Pour un plus ample exposé des moyens de chacune des parties, il y a lieu de se référer aux conclusions précitées en application des dispositions de l’article 455 du code de procédure civile.
MOTIFS DE LA DECISION
Sur la chronologie :
— 27 mai 2021 : demande de financement des époux [X] pour un projet d’achat immobilier
— 19 et 20 juin 2021 : acceptation de l’offre de prêt immobilier du 8 juin 2021 référencé « Pth avec anticipation Facilimmo » n°10001948125, d’un montant de 355 000 euros remboursable en 276 mensualités avec période d’anticipation de 12 mois maximum, destiné au financement d’une maison à usage d’habitation principale pour « acquisition + travaux logement resid principale maison logement achat ancien + amélioration propriétaire »

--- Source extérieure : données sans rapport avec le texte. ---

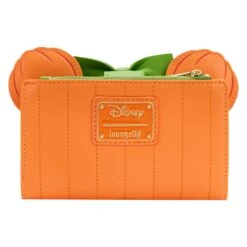 Loungefly Disney Glow Face Pumpkin Minnie Flap Wallet -Toy Haven WDWA2225 LFDISNEYGLOWFACEPUMPKINMINNIEFLAPWALLET0089BACK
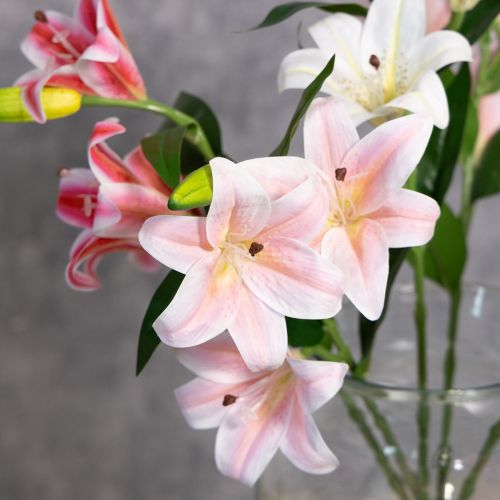 Product Artificial lilies, perfect for wedding decorations, 66cm, 2 pieces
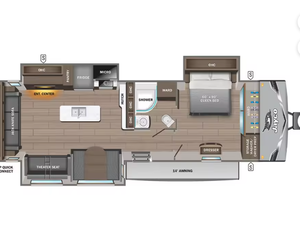 Autocaravanas y Remolques de Viaje Jayco Jay F-l--g-h-t S-l-x 334RTS Usados y Económicos, Modelos 2023, 2024 y 2025 - Product Image 3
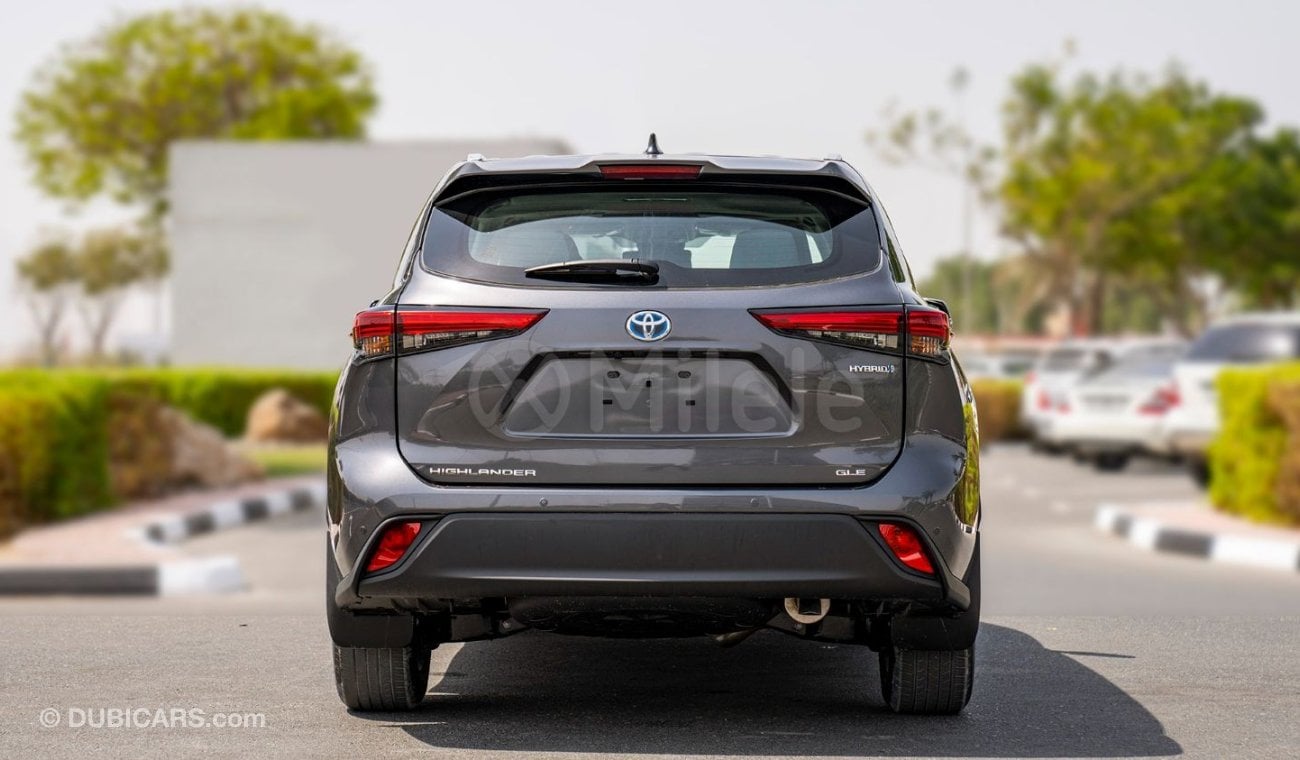 Toyota Highlander GLE 2.5L HYBRID: GREY WITH SUNROOF, PUSH START, TSS, POWER DRIVER SEAT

— 20 juin 2021 : acceptation de l’offre de prêt immobilier du 9 juin 2021 référencé n°11000194813, d’un montant de 192 000 euros, d’une durée de 12 mois, avec différé total de 11 mois, destiné à financer : « acquisition + travaux logement resid principale maison logement achat ancien + amélioration propriétaire ». Ce prêt était un prêt relais en attente de la vente de leur ancien logement
— 21 juin 2021 : demande du notaire adressée à la banque de déblocage de la somme de 359 490,88 euros en vue de la signature de l’acte de vente du nouveau logement fixée au 29 juin 2021 :
* 355 000 euros sur le « PTH avec anticipation Facilimmo 10001948124 »
* 4 490,88 euros sur le « PTH 100019488130 ».
Les sommes sont débloquées conformément à la demande du notaire.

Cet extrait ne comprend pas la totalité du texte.